I'm looking to get an in-line heater for my nano when finances allow.


----------



## chilled84 (21 Sep 2009)

how about cable?? Undegravel? I have one going for sale.


----------



## mattyc (21 Sep 2009)

ok i will try and find a heater, i dont want a big one because the tank is small it would look odd!!
can anyone recomend one?


----------



## chilled84 (21 Sep 2009)

above thre i placed??


----------



## JohnC (21 Sep 2009)

Hi,

I use a newattio plus 10watt on my shrimp tanks sometimes BUT i find with the lights it actually tends to go from 25 up to 29 degrees during the day. Which wasnt good for my cherries. 

Since i took it off the tank they are actually breeding like bunnies since it stays below 25 all the time.

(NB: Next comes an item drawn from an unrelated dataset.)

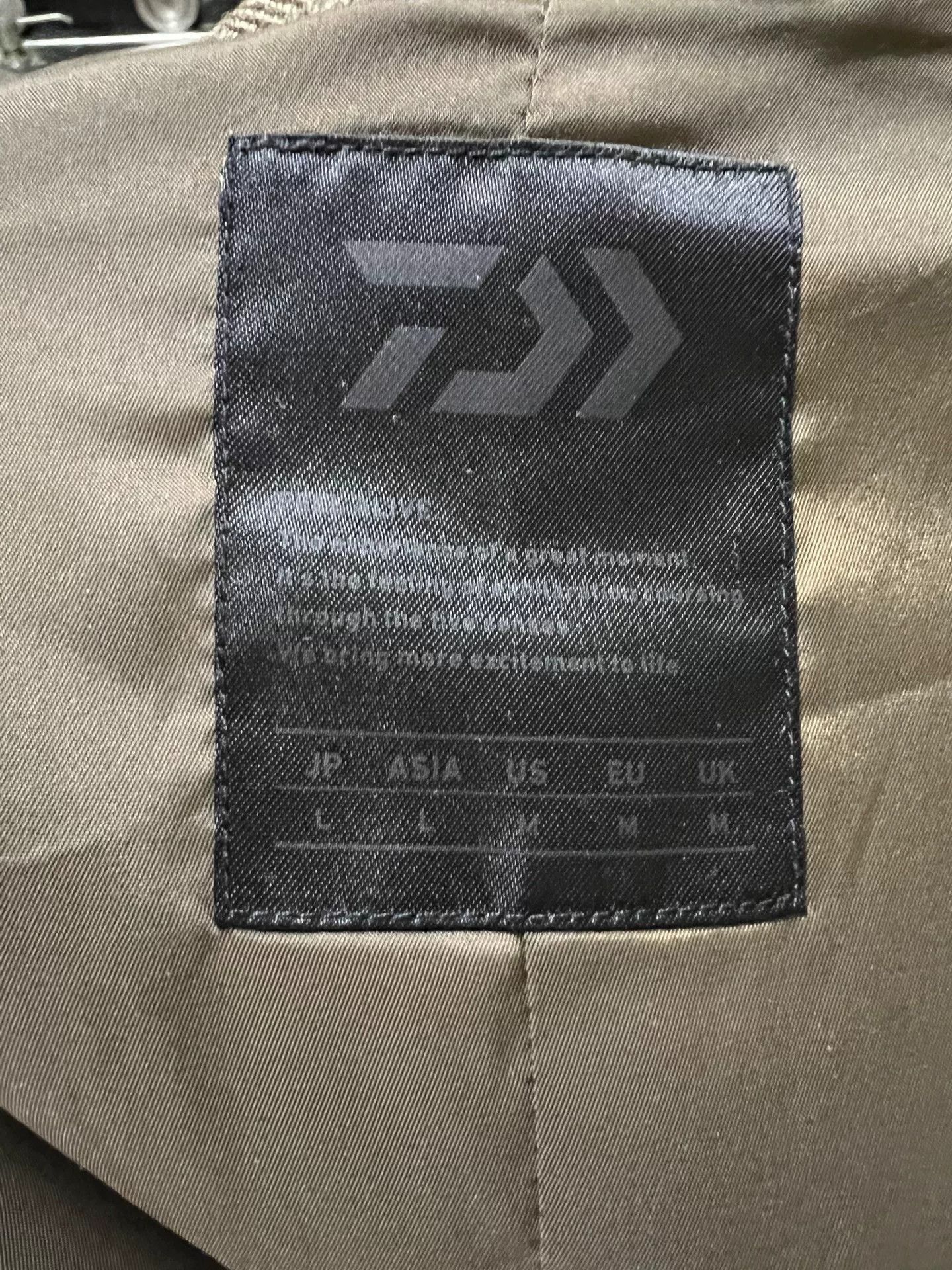 DAIWA PIER39 daiwa pier39 tech mil bdu jacket Size US L / EU 52-54 / 3 - 6 Thumbnail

I am slightly worried about the temp in winter thou since i live in scotland and my flat can get below 10 Deg C.

John


----------



## Chmura (21 Sep 2009)

Aquael Easyheater or Aquael Neoheater ( both can be placed in any position ie. horizontally or vertically ).


----------



## aaronnorth (21 Sep 2009)

hydor do a flat heater.
the other option is a under gravel heater or a heat mat (use for reptiles)


----------



## mattyc (21 Sep 2009)

i have found a little 25w aqua one heater in a lfs which is realy small so i have put one next to the filter!! will see how it go's


----------



## jimbo (4 Oct 2009)

Chmura said:
			
		

> Aquael Easyheater or Aquael Neoheater ( both can be placed in any position ie. horizontally or vertically ).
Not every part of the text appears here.